That would be OCD. And I do the same thing. Actually, I tend to align the "castellated" direction with something that doesn't rotate, and the smooth end with the rotation direction. This is to avoid any possible friction or jamming. I always do that too. It also bugs me when you can see red 2L axles inside a split. I also care about the molding direction on the 5x7 or 5x11 liftarm frame. I like the open side of the slots to be facing inward or down. How about in LDraw? I rotate all my gears so that the teeth mesh properly, otherwise it drives me crazy. And of course, all attached axles must be rotated to match.

That's one of the greatest things I have ever seen. Amazing work!

if you can make an LDraw file or even detailed photos, I volunteer to make instructions.
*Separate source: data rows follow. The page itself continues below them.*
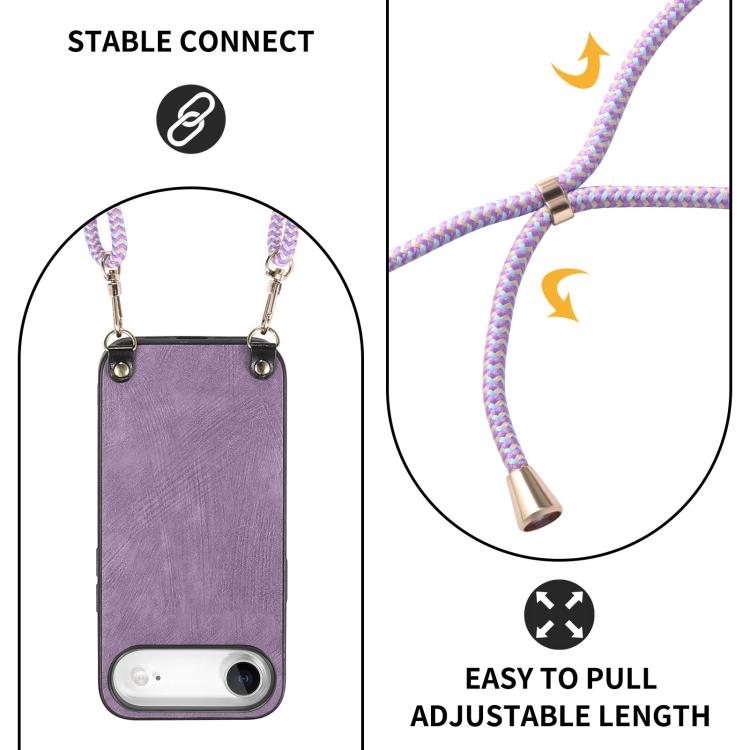For iPhone Air Vintage Leather PC Back Cover Phone Case with Crossbody Strap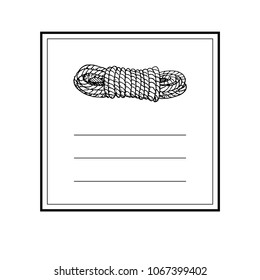 Hand drawn card template with rope icon and lines vector illustration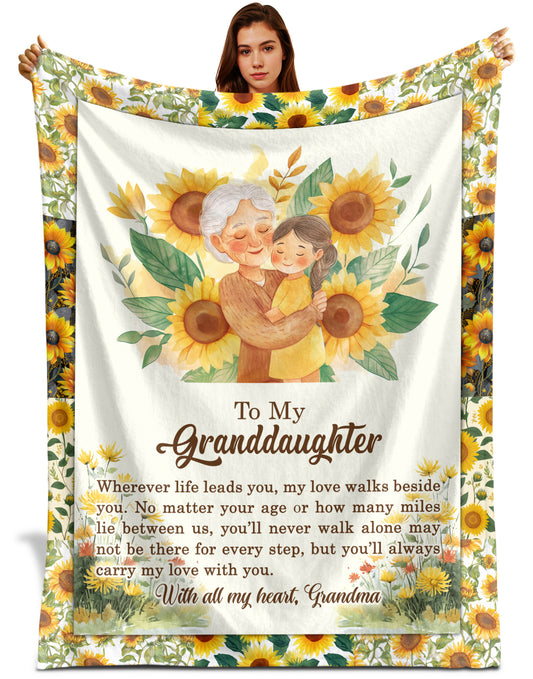 Netecom Personalized To My Granddaughter Blanket from Grandma, Sunflower Throw Blanket for Couch, Bed or Sofa, Ultra Soft Warm, Birthday Gifts for Granddaughter, Present for Christmas, Graduation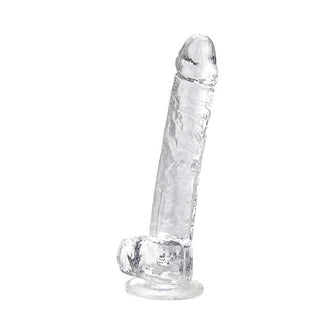 Dildo LOVING JOY 11” Dildo with Balls, design realist cu testicule, bază cu ventuză, lungime 28 cm, transparent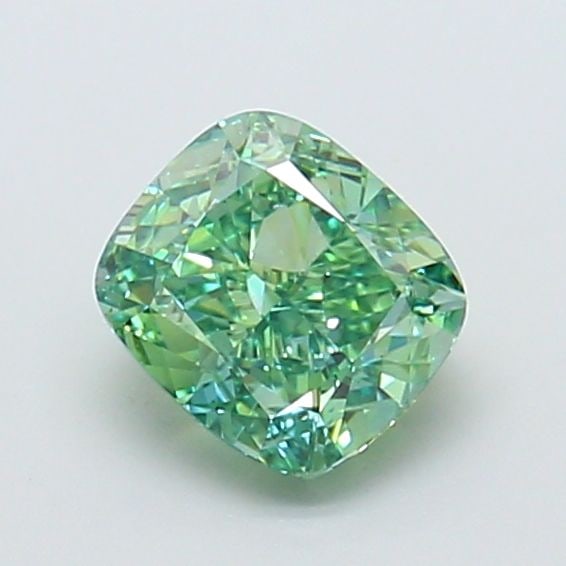 Loose Lab Diamond - IGI Cushion Modified 1.37ct Fancy Vivid Green VVS2: Loose Lab Diamond - IGI Cushion Modified 1.37ct Fancy Vivid Green VVS2 Experience the rare beauty of a Fancy Vivid Green lab-grown diamond, certified by IGI and boasting exceptional clarity (VVS2) and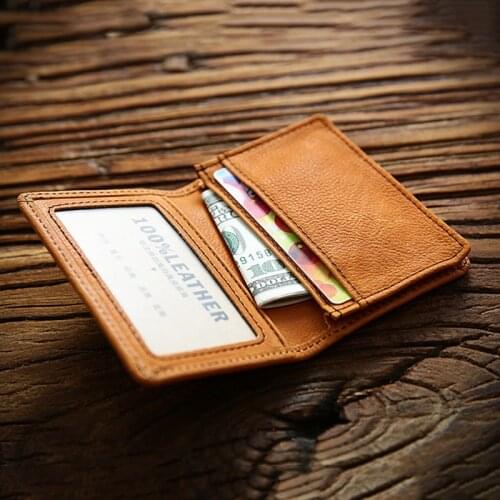 2021 100% Genuine Leather Card Holder For Men Male Vintage Handmade Short Business Credit Card ID Case Small Slim Wallet Purse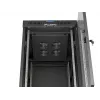 Tinklinis spintos stovas LANBERG 19 colių 24U 600x800 mm juodas su stiklo durelėmis ir LCD išpjova (Flat Pack) v2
The latest news: I finished building the cycloidal drive today and it works perfectly. There were a few portions of the instructions which had a poor building order and a couple of areas that were physically impossible to put together. I'll make corrections and updates to the file and then release those instructions this week. I'll be building tilted rotors next. I'll let you know how it goes. The last two parts for my Cup to Cup v2 arrived (the window flags) and to my chagrin I realized that my clever train window solution didn't work. The flags interfere with the windows. I had to switch to 1x2x3 panels but they don't exist in DBG so I had to use transparent black. It works fine and looks OK, but now the instructions and parts list are wrong. I'll make the updates soon. If you are planing to build this model, don't buy the train windows. After that my next build is the fork to fork for which I have instructions ready. I also have a draft for spiral staircase which Rebricker has reviewed for me, so that will be next. He is also doing some work on the fork (different from fork to fork) file. And finally, dim is still working on the basket shooter, after which I'll take over on the instructions. So we'll be busy for quite some time yet!